------ MATERIAL FOR THE TASK
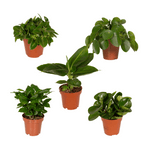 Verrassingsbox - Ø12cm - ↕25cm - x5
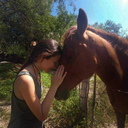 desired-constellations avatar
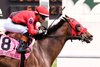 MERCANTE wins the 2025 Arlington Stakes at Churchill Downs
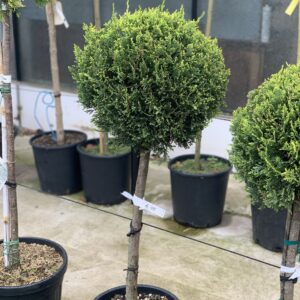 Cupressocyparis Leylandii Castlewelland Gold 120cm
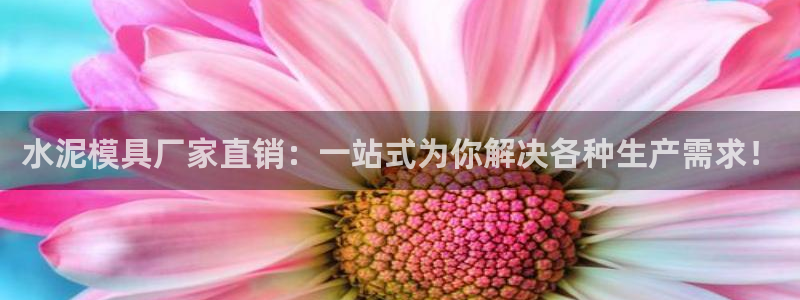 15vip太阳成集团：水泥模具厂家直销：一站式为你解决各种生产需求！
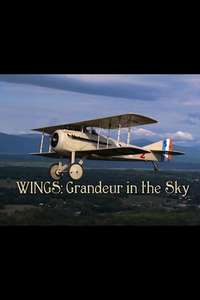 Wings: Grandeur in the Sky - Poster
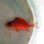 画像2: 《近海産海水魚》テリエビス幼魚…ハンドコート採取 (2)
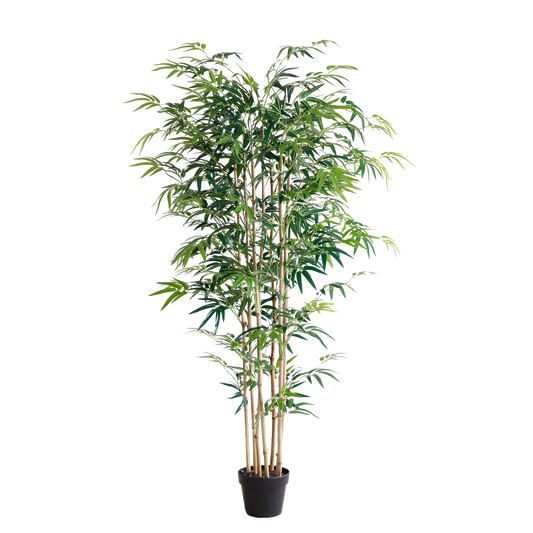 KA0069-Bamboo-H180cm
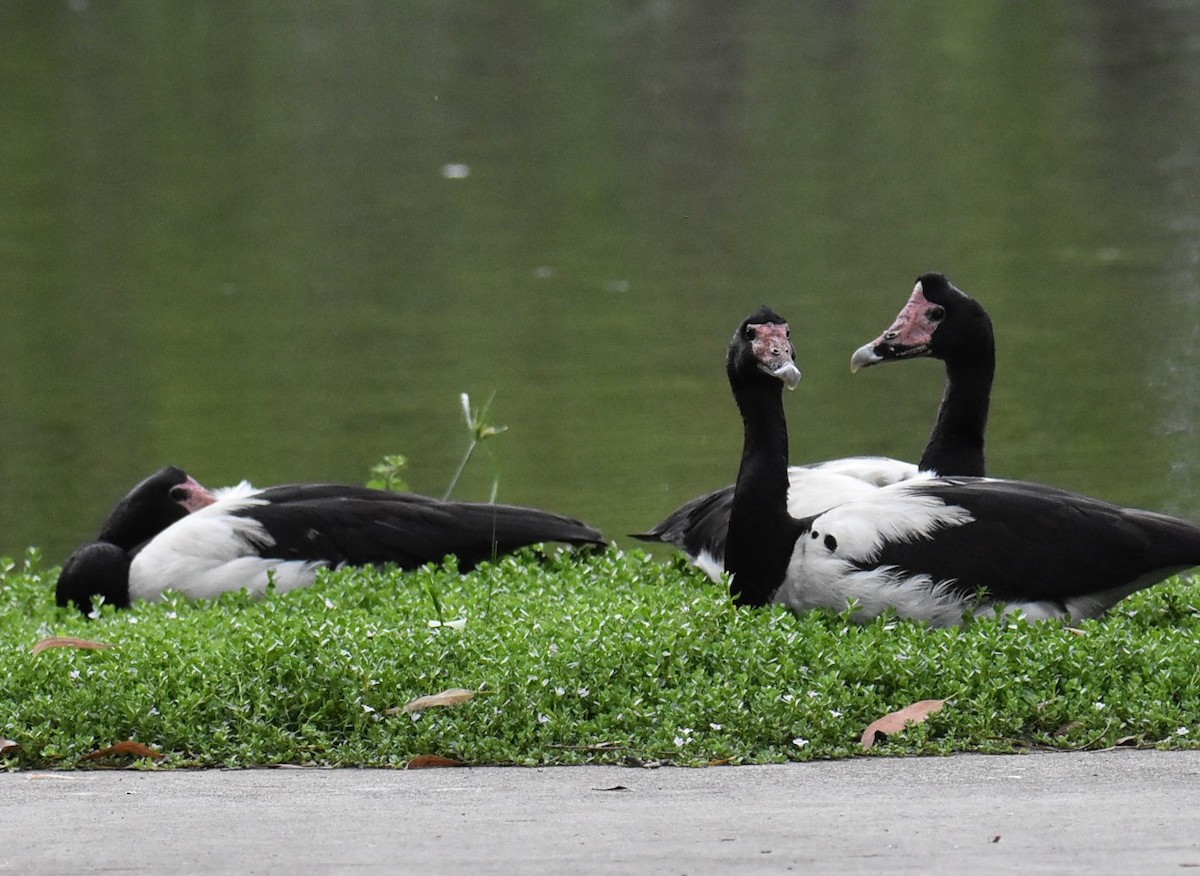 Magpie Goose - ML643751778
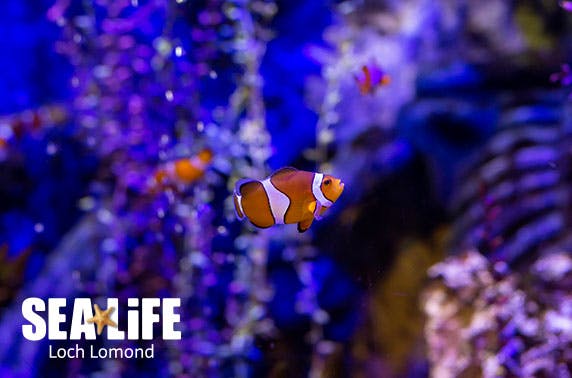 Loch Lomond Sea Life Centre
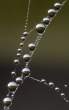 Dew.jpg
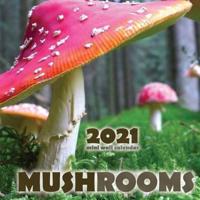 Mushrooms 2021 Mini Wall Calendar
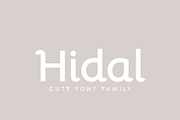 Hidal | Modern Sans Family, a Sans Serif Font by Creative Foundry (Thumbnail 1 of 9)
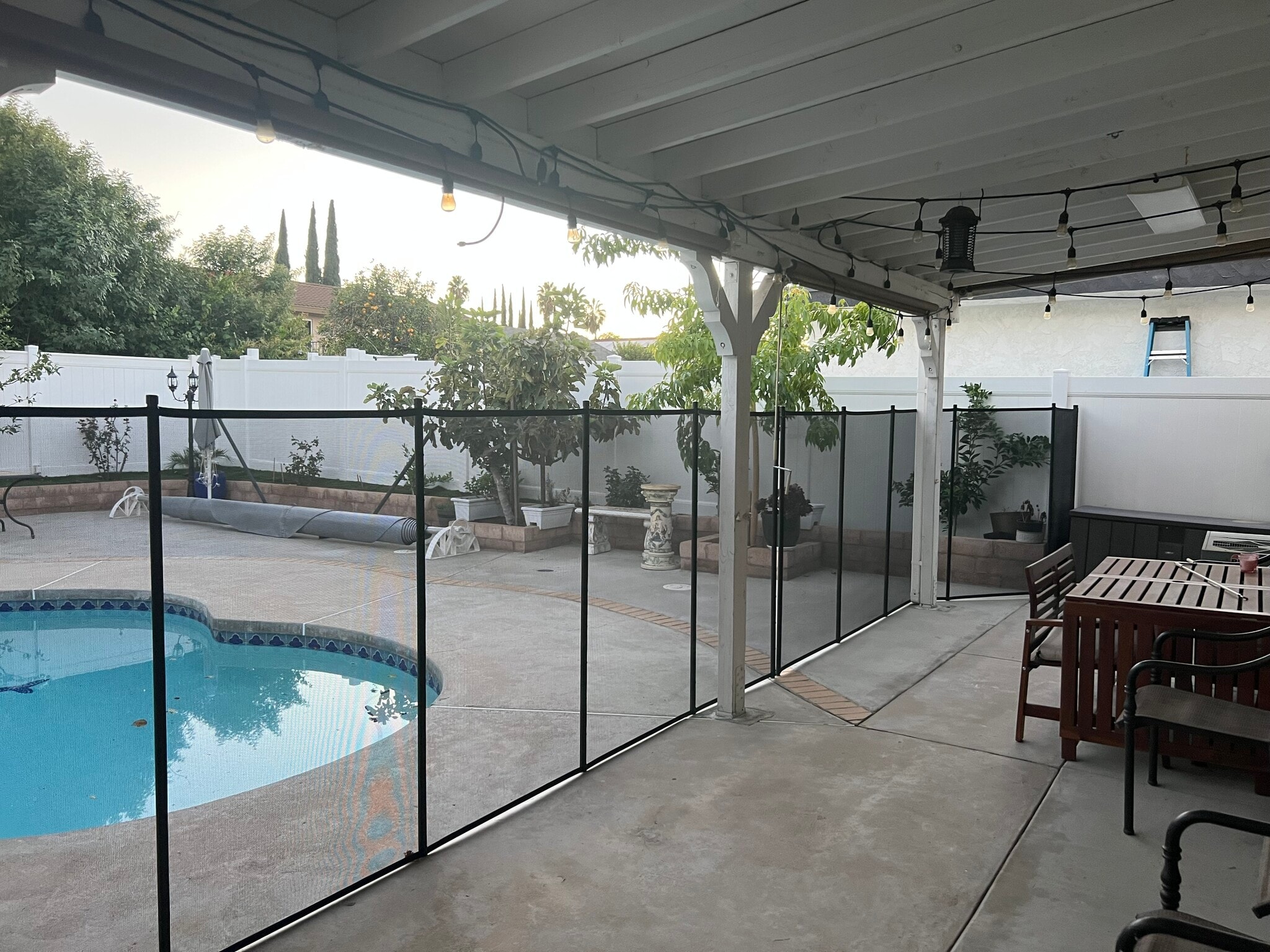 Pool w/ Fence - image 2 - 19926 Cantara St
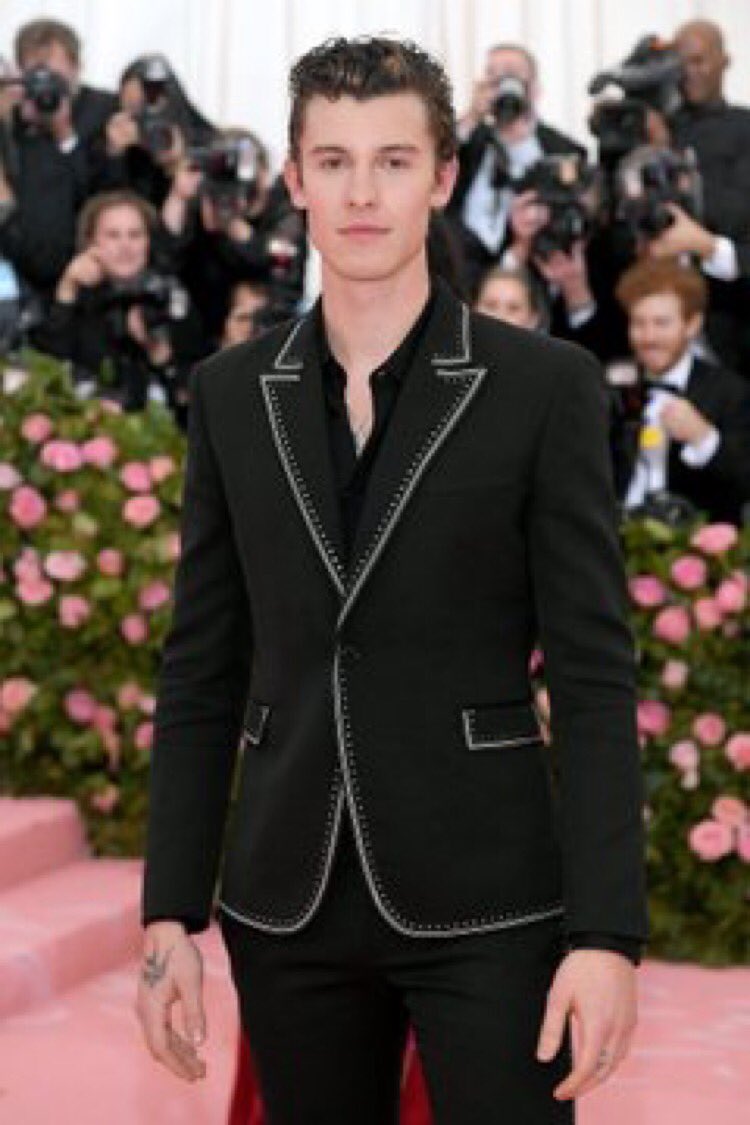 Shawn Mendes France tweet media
------------
* _EXERCISE OBJECTIVE_
Reproduce the opening lines of the material above exactly, ending with the line that contains "Loch Lomond Sea Life Centre". Omit every picture.

* _TASK RESULT_
 Verrassingsbox - Ø12cm - ↕25cm - x5
 desired-constellations avatar
 MERCANTE wins the 2025 Arlington Stakes at Churchill Downs
 Cupressocyparis Leylandii Castlewelland Gold 120cm
 15vip太阳成集团：水泥模具厂家直销：一站式为你解决各种生产需求！
 Wings: Grandeur in the Sky - Poster
 画像2: 《近海産海水魚》テリエビス幼魚…ハンドコート採取 (2)
 KA0069-Bamboo-H180cm
 Magpie Goose - ML643751778
 Loch Lomond Sea Life Centre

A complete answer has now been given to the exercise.